Last week, I attended a conference where I met a very successful business owner. He owns five businesses and oversees two-non-profits. We joked about retirement and, he told me he wasn’t done yet in terms of building a portfolio of successful companies.

I asked him to tell me the reason why he was able to achieve such high levels of success. He indicated to me that he could not have done this alone.

He relies heavily on his coaches. He then went on to explain that he’s currently working with three executive coaches!

I have to say; I was taken back by this. I’ve never heard of a business person working simultaneously with more than one coach. When I gave this further thought, the idea of working with more than one coach makes complete sense to me. Here’s why.

Professional athletes have more than one coach. That’s because each coach has expertise in a particular area of the game.

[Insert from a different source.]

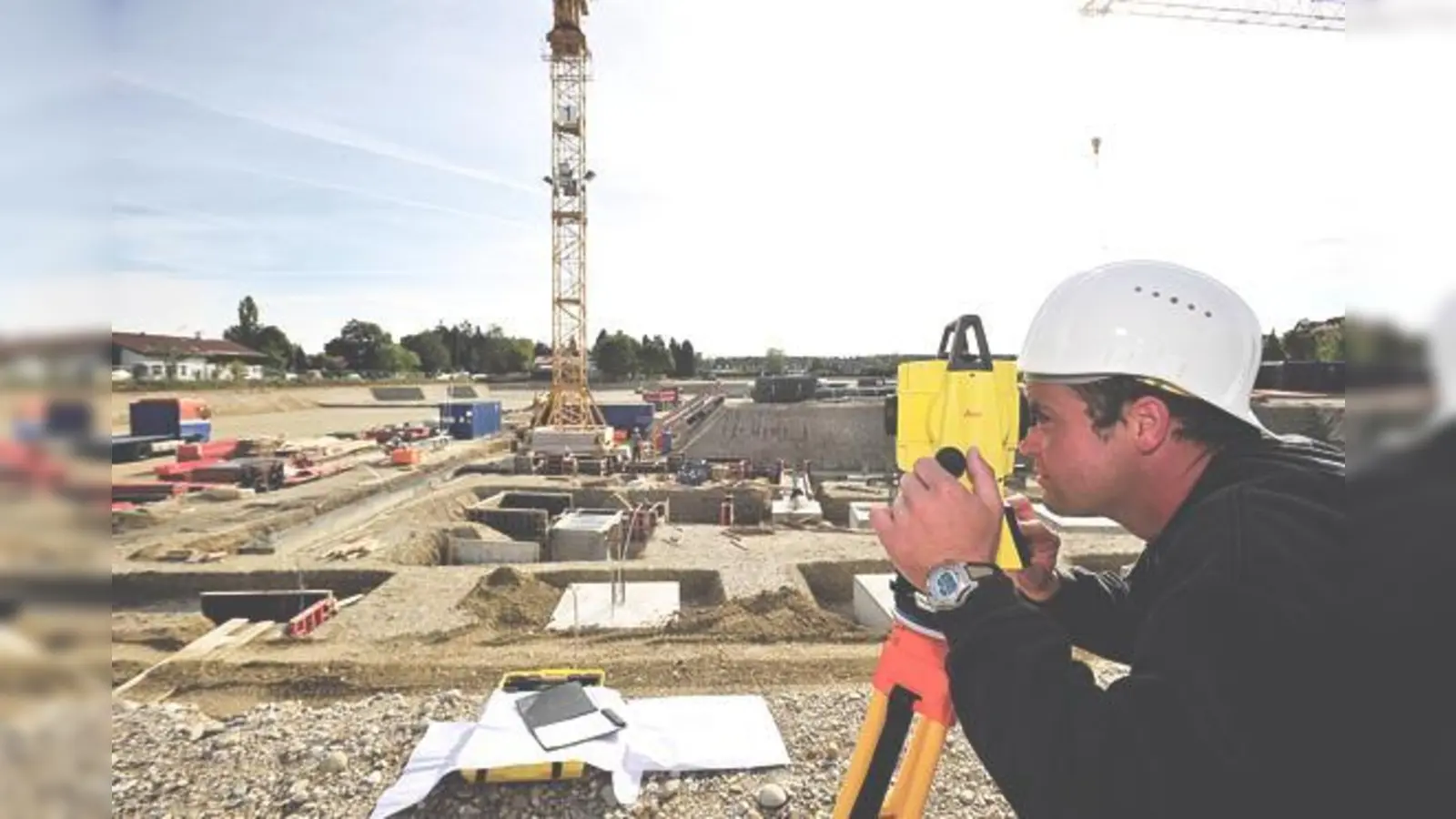 Auf der Grünwalder Baustelle geht es jeden Tag in riesigen Schritten voran.	 (Foto: Schunk)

In fact, the New England Patriots (my home team) have a dozen coaches on staff including, a defensive line coach, a quarterback coach, and a head coach. Not to mention, athletes like New England Patriots quarterback Tom Brady have personal coaches to help keep them in tip-top shape.

The gentleman that I met last week said each coach helps him improve a particular area of his business. For example, he relies on one coach to help him bolster his sales skills, while another helps him think through operational issues.

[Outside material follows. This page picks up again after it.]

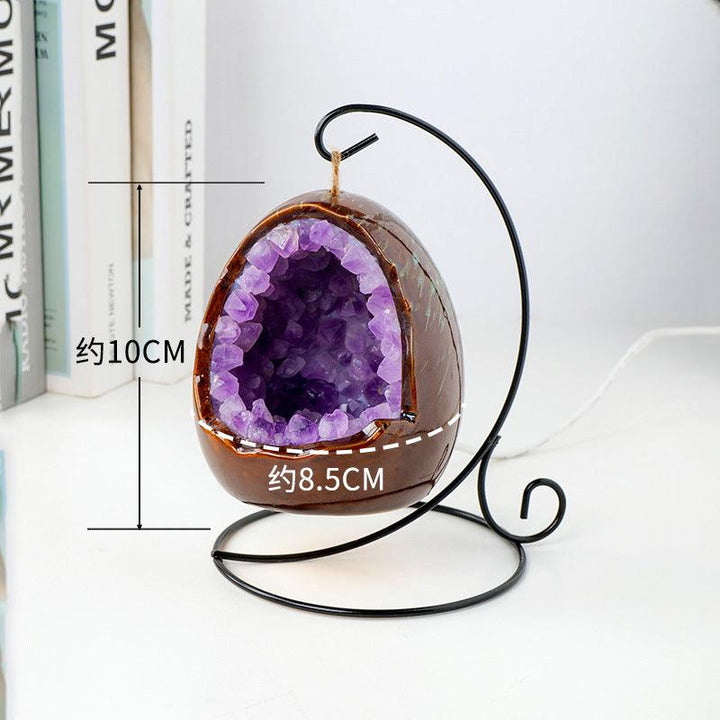 size of amethyst geode dinosaur egg led night light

Working with more than one coach at a time is a brilliant strategy that can help you grow exponentially, both professionally and personally.

Consider the following when engaging more than one coach.

  • When seeking a coach, let this person know that there’s another coach already on board. Not every coach will be comfortable with the idea that you’ll be receiving input from more than one outside resource during your engagement with them. It’s best to find this out early, so you’re freed up to find someone comfortable with this arrangement.
  • Look for a coach with expertise in an area that your current coach does not have. This will help to avoid the butting of heads when each coach tries to advance his or her agenda.
  • Examine the initiatives closely you’re trying to move forward this year. Invest the bulk of your resources in a team of experts who can help you strengthen the weaknesses you may have in these areas.

Leadership is a contact sport, which requires that you be brilliant in terms of strategy and execution. You don’t have to go it alone. Surround yourself with a team of coaches who are interested in one thing only–helping you soar!

© Matuson Consulting, 2019.

Interested in learning more about working with an executive coach? Reach out to me at Roberta@matusonconsulting.com.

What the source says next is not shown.